EXERCISE DIRECTIONS
Include in the output exactly the lines from the opening of the data through the line containing "Tanzania Wildlife 4", and nothing more.
◆ ◆ ◆ ◆ ◆ ◆ ◆
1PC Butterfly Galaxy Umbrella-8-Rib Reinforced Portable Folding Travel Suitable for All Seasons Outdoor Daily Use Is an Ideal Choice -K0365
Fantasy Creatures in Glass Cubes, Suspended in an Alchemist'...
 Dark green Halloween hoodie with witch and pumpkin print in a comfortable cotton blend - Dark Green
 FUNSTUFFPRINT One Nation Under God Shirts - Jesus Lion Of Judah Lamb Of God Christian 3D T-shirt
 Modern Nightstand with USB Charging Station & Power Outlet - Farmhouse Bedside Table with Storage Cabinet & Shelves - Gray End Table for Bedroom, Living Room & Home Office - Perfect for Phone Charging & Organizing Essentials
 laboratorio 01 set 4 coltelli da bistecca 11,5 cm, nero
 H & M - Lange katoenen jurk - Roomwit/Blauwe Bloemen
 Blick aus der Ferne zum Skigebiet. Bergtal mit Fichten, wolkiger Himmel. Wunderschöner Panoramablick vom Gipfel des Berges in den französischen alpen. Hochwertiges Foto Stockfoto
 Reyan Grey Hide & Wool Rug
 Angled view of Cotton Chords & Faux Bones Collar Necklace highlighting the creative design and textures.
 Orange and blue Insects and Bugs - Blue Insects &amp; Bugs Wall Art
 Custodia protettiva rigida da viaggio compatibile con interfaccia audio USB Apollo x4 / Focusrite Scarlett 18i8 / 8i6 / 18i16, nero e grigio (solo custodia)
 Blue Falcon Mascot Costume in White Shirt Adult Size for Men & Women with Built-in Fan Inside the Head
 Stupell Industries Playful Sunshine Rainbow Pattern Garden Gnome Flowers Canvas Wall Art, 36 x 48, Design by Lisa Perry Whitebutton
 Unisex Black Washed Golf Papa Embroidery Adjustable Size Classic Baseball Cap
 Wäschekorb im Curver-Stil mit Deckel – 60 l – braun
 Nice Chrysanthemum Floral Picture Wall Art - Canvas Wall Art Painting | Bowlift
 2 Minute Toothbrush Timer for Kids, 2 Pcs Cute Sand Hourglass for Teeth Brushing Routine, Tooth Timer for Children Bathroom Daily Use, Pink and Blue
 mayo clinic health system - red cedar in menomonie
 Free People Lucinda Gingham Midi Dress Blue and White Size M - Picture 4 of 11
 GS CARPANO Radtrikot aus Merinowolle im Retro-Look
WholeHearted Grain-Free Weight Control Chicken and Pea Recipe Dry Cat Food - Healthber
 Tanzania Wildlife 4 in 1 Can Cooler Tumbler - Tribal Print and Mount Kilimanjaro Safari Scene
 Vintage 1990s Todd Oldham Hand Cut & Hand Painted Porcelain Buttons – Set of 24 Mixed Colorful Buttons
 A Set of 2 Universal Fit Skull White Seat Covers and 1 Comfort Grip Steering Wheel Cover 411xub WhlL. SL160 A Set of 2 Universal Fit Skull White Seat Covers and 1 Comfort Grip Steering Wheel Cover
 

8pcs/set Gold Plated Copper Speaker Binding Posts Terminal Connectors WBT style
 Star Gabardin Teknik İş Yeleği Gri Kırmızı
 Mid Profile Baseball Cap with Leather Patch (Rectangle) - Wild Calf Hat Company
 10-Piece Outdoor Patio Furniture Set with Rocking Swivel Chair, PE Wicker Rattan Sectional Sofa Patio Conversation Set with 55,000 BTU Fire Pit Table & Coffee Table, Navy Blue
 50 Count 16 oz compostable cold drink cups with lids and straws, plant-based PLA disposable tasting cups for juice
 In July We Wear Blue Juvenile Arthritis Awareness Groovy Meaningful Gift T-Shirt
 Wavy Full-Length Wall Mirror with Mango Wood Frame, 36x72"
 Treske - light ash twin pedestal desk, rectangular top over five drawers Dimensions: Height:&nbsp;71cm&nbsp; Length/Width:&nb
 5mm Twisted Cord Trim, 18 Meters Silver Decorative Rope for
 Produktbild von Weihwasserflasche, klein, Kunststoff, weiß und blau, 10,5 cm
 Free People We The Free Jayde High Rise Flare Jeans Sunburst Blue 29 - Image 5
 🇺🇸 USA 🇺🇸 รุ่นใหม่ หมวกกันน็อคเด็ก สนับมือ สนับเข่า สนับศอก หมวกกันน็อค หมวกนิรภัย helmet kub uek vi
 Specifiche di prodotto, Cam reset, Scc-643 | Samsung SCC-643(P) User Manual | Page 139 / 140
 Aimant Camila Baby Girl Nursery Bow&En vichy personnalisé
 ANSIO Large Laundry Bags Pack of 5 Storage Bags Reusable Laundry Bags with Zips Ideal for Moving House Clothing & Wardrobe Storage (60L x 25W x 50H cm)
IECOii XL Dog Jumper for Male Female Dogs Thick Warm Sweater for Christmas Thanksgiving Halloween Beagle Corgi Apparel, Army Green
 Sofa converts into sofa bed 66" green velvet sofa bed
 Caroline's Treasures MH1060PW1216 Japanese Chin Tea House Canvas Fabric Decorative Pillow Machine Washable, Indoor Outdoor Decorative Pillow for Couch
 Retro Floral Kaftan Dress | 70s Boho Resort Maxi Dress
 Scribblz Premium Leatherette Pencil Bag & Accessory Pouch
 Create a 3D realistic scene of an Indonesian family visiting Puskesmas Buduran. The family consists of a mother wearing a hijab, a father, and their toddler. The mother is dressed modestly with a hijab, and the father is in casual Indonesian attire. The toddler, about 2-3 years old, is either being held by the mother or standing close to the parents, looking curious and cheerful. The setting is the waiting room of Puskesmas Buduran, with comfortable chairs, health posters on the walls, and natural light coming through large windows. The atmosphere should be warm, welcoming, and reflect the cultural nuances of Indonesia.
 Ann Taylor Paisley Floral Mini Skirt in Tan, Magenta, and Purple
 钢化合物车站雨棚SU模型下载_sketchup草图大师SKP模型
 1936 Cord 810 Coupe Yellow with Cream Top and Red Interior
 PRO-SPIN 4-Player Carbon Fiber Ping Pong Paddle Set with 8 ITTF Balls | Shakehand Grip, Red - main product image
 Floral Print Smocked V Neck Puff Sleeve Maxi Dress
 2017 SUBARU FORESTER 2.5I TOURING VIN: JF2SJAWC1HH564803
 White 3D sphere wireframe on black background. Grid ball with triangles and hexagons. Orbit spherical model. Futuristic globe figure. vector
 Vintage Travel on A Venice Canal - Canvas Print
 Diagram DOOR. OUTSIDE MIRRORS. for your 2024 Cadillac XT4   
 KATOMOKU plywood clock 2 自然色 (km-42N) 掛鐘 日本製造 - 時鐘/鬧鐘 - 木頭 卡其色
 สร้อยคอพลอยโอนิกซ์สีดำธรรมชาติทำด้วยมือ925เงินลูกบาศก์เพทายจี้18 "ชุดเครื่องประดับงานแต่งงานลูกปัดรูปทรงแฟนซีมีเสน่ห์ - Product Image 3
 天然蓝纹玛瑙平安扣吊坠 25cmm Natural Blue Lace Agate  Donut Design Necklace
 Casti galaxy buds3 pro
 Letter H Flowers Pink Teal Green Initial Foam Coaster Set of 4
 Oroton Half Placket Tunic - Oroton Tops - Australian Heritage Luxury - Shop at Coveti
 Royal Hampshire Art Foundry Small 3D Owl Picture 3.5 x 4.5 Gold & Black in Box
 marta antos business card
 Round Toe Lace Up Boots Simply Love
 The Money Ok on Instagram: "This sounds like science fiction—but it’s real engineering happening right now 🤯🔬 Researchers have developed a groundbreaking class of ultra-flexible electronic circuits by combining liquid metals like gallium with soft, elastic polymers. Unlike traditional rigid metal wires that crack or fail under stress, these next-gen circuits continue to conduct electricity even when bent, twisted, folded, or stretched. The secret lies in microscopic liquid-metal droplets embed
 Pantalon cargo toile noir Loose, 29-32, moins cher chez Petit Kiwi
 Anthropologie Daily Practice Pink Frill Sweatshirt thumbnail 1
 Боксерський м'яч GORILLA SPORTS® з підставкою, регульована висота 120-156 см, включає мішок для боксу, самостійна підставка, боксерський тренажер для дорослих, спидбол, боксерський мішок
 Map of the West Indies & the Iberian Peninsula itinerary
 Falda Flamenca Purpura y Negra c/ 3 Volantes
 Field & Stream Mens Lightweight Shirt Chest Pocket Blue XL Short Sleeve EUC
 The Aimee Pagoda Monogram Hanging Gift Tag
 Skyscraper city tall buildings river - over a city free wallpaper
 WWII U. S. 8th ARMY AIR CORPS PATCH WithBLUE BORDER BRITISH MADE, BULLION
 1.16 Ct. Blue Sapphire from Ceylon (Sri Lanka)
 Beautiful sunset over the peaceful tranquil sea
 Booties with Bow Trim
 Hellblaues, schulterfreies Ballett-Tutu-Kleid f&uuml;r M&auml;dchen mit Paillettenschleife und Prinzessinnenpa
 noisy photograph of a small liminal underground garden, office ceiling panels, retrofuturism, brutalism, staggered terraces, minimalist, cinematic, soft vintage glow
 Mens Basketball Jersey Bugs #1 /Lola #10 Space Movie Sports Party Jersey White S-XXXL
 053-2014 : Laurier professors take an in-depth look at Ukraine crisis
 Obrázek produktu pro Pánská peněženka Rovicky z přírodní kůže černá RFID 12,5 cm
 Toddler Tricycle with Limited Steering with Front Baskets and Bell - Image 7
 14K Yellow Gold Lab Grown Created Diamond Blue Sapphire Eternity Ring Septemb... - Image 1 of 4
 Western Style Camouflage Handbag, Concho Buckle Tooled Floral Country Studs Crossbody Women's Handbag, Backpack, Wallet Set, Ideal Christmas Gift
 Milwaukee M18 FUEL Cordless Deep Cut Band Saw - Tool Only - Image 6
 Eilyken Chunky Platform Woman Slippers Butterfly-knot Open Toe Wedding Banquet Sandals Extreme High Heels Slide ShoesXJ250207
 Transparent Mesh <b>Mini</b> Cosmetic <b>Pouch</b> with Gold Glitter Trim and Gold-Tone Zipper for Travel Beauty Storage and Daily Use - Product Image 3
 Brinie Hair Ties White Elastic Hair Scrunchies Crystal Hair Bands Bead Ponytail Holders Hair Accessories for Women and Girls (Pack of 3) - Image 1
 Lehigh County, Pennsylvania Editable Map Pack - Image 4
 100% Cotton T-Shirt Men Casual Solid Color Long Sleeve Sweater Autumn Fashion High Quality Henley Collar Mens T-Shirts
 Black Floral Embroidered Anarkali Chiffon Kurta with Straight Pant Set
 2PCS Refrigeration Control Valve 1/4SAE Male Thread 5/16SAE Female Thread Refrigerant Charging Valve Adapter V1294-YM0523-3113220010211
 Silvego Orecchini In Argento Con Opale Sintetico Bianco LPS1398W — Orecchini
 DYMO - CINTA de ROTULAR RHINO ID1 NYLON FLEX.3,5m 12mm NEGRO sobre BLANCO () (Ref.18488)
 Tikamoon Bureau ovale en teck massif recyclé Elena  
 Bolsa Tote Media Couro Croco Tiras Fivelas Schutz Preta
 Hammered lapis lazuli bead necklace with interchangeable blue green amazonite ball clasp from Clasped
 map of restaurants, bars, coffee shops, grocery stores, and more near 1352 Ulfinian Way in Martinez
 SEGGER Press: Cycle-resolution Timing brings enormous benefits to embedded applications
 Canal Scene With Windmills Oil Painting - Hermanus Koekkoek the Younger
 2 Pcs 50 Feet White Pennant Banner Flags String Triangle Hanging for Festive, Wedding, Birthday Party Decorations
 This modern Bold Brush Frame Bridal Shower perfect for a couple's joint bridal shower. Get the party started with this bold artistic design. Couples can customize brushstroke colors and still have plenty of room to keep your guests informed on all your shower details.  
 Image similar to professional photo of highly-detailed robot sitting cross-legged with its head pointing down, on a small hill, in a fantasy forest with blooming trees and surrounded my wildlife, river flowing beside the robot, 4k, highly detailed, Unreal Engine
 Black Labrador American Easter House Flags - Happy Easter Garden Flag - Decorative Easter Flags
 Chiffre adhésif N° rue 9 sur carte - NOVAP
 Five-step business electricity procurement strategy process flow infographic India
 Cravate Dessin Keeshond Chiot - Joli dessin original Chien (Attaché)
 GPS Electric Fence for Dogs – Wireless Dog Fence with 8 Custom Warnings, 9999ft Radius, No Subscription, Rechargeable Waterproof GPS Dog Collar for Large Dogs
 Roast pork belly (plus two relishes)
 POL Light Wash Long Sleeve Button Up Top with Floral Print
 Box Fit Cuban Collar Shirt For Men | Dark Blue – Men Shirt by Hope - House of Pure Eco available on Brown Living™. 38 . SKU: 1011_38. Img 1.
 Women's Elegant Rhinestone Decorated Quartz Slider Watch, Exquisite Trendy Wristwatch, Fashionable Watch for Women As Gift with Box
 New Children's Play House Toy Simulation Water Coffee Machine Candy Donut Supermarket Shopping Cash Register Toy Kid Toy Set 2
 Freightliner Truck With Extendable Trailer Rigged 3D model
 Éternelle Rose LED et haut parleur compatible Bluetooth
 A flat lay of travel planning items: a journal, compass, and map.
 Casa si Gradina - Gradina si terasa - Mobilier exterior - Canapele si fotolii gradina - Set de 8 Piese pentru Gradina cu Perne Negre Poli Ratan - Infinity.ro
◆ ◆ ◆ ◆ ◆ ◆ ◆
ANSWER AREA
1PC Butterfly Galaxy Umbrella-8-Rib Reinforced Portable Folding Travel Suitable for All Seasons Outdoor Daily Use Is an Ideal Choice -K0365
Fantasy Creatures in Glass Cubes, Suspended in an Alchemist'...
 Dark green Halloween hoodie with witch and pumpkin print in a comfortable cotton blend - Dark Green
 FUNSTUFFPRINT One Nation Under God Shirts - Jesus Lion Of Judah Lamb Of God Christian 3D T-shirt
 Modern Nightstand with USB Charging Station & Power Outlet - Farmhouse Bedside Table with Storage Cabinet & Shelves - Gray End Table for Bedroom, Living Room & Home Office - Perfect for Phone Charging & Organizing Essentials
 laboratorio 01 set 4 coltelli da bistecca 11,5 cm, nero
 H & M - Lange katoenen jurk - Roomwit/Blauwe Bloemen
 Blick aus der Ferne zum Skigebiet. Bergtal mit Fichten, wolkiger Himmel. Wunderschöner Panoramablick vom Gipfel des Berges in den französischen alpen. Hochwertiges Foto Stockfoto
 Reyan Grey Hide & Wool Rug
 Angled view of Cotton Chords & Faux Bones Collar Necklace highlighting the creative design and textures.
 Orange and blue Insects and Bugs - Blue Insects &amp; Bugs Wall Art
 Custodia protettiva rigida da viaggio compatibile con interfaccia audio USB Apollo x4 / Focusrite Scarlett 18i8 / 8i6 / 18i16, nero e grigio (solo custodia)
 Blue Falcon Mascot Costume in White Shirt Adult Size for Men & Women with Built-in Fan Inside the Head
 Stupell Industries Playful Sunshine Rainbow Pattern Garden Gnome Flowers Canvas Wall Art, 36 x 48, Design by Lisa Perry Whitebutton
 Unisex Black Washed Golf Papa Embroidery Adjustable Size Classic Baseball Cap
 Wäschekorb im Curver-Stil mit Deckel – 60 l – braun
 Nice Chrysanthemum Floral Picture Wall Art - Canvas Wall Art Painting | Bowlift
 2 Minute Toothbrush Timer for Kids, 2 Pcs Cute Sand Hourglass for Teeth Brushing Routine, Tooth Timer for Children Bathroom Daily Use, Pink and Blue
 mayo clinic health system - red cedar in menomonie
 Free People Lucinda Gingham Midi Dress Blue and White Size M - Picture 4 of 11
 GS CARPANO Radtrikot aus Merinowolle im Retro-Look
WholeHearted Grain-Free Weight Control Chicken and Pea Recipe Dry Cat Food - Healthber
 Tanzania Wildlife 4 in 1 Can Cooler Tumbler - Tribal Print and Mount Kilimanjaro Safari Scene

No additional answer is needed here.